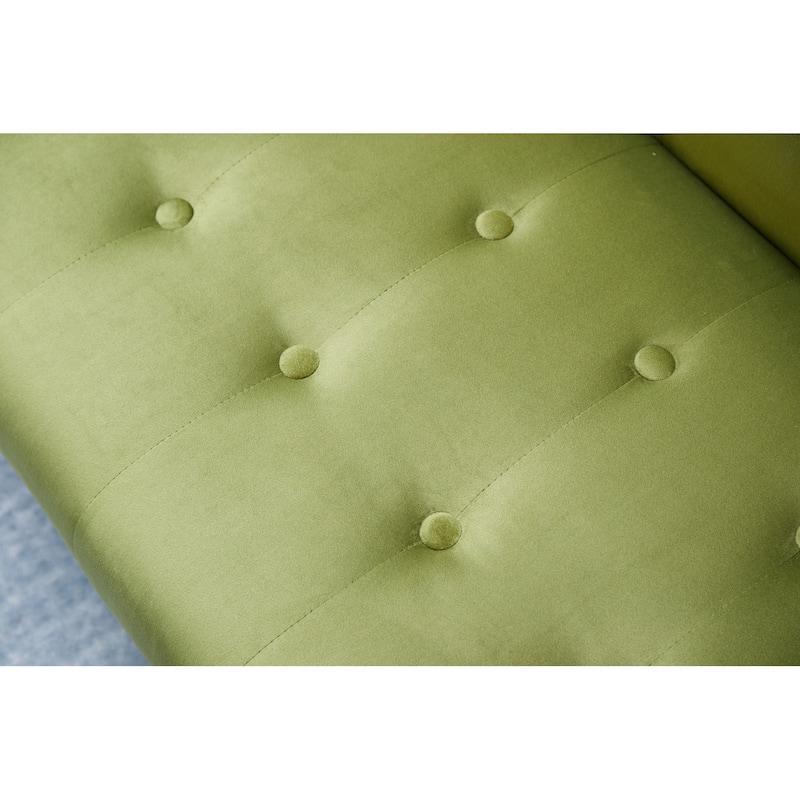 Army Green Solid Wood+MDF Sofa Bed, 75x32x29 inches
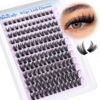 Picture of Lash Clusters Wispy Lash Extension D Curl Eyelash Clusters Natural Look 10-18mm Cluster Eyelash Extensions 144Pcs Volume Individual Lashes Spiky Cluster Lashes Manga by Newcally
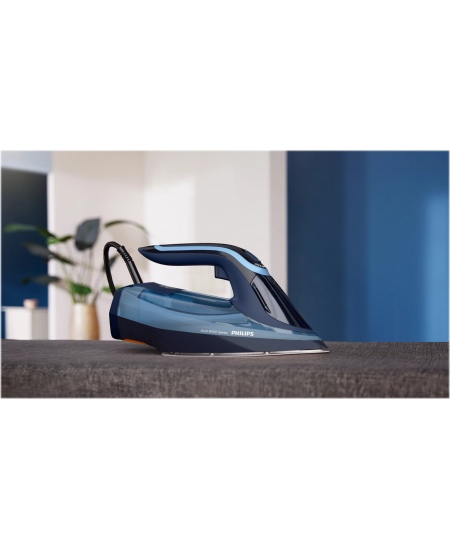 Philips | DST8020/20 Azur 8000 Series | Steam Iron | 3000 W | Water tank capacity 300 ml | Continuous steam 55 g/min | Light blu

What you need to do = Excluding pictures, reproduce the listing above exactly as it stands.

Task response =
 Army Green Solid Wood+MDF Sofa Bed, 75x32x29 inches
 Picture of Lash Clusters Wispy Lash Extension D Curl Eyelash Clusters Natural Look 10-18mm Cluster Eyelash Extensions 144Pcs Volume Individual Lashes Spiky Cluster Lashes Manga by Newcally
 Philips | DST8020/20 Azur 8000 Series | Steam Iron | 3000 W | Water tank capacity 300 ml | Continuous steam 55 g/min | Light blu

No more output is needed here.